Maybe, But Probably Not
This page on the NASA web site tells us a lot. Generally, NASA media is free to use, so they won't be getting any money from it:
NASA content - images, audio, video, and computer files used in the rendition of 3-dimensional models, such as texture maps and polygon data in any format - generally are not copyrighted. You may use this material for educational or informational purposes, including photo collections, textbooks, public exhibits, computer graphical simulations and Internet Web pages. This general permission extends to personal Web pages.

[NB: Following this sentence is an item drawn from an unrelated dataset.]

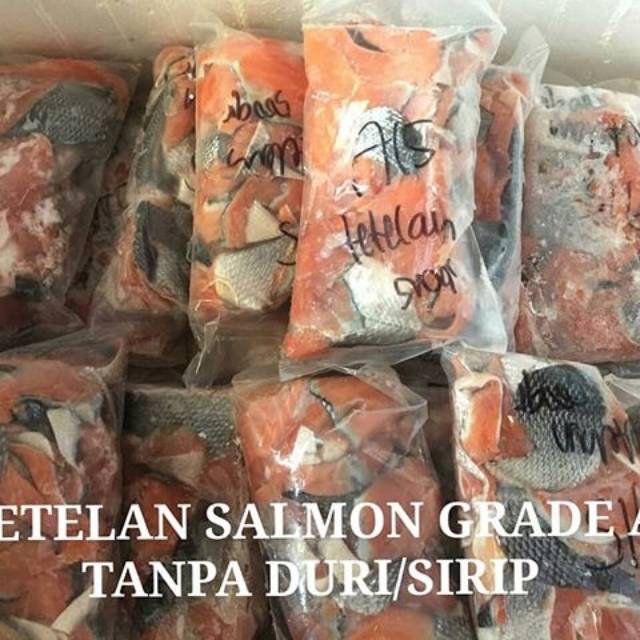 

Ready stock tetelan salmon grade A bebas duri dan tulang tersedia pula aneka frozen seafood lainnya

News outlets, schools, and text-book authors may use NASA content without needing explicit permission. NASA content used in a factual manner that does not imply endorsement may be used without needing explicit permission. NASA should be acknowledged as the source of the material. NASA occasionally uses copyrighted material by permission on its website. Those images will be marked copyright with the name of the copyright holder. NASA's use does not convey any rights to others to use the same material. Those wishing to use copyrighted material must contact the copyright holder directly.
Commercial projects that want to use NASA media, however, have different rules:
Feature film and fictional film projects
A formal agreement is often required when there is a need to lay out what is expected of both parties in terms of shoots, clearances, protection of NASA's appearance in a fictional storyline, etc. An agreement may also be needed when the parties plan for an on-going collaboration for education or outreach activities beyond routine appearances or interviews.
After providing a signed NASA Non-Disclosure Agreement, NASA reviews a script to assess participation in a project. In some cases, clearances for use of the NASA Insignia and other identifiers, footage, still imagery and other NASA assets; details of shoots; post assistance and when appropriate; outreach leading to release of the film; are also addressed.
NASA does provide publicly available film footage and imagery regardless of involvement in a particular production.
So the next question is whether these agreements are revenue-generating. Legally, they could be, but in practice, they probably aren't. Here are the types of agreements NASA may enter into: https://technology-larc.ndc.nasa.gov/partnership-info/space-act-agreement
If NASA enters into a reimbursable agreement with a production company, then they will generate some revenue from that agreement. However, this report suggests NASA may be too often entering into non-reimbursable agreements when it could be getting reimbursement.
Regarding the first comment:
I found the following listing in this very long list of active agreements in June 2017:
338 24469 The Hollywood Black Film Festival THE PRODUCTION OF NASA THEMED SCIENCE FICTION FILM CONCEPTS 1/23/2017 1/23/2022 Non-Reimbursable $8,700 GSFC SAA5-17-1-N24469
360 18326 New York Film Academy James Webb Space Telescope Visual Storytelling 10/27/2014 10/27/2017 Non-Reimbursable $1,000 GSFC SAA5-2014-3-N18326
381 22569 Twentieth Century Fox Hidden Figures, 20th Century Fox Film 3/11/2016 3/11/2021 Non-Reimbursable $5,000 HQ 22569
387 19963 IMAX SPACEWORKS LTD. THE FILMING OF “A Perfect Planet” (working title) 3/3/2014 3/3/2019 Non-Reimbursable ----- HQ
636 17011 Houston Cinema Arts Society HCAS Film Festival 2/23/2015 2/22/2019 Non-Reimbursable $216,433 JSC SAA-OA-14-17011
398 14450 Evans & Sutherland Computer Corporation Planetarium Full-Dome Video Agreement 11/20/2013 11/20/2018 Non-Reimbursable ----- HQ
832 24363 Gloucester High School Video Production 12/8/2016 12/8/2017 Non-Reimbursable $11,843 LaRC SAA1-24362, Annex 1
If you scroll to the right, you'll see that none of them are reimbursable, not even the feature film Hidden Figures by 20th Century Fox.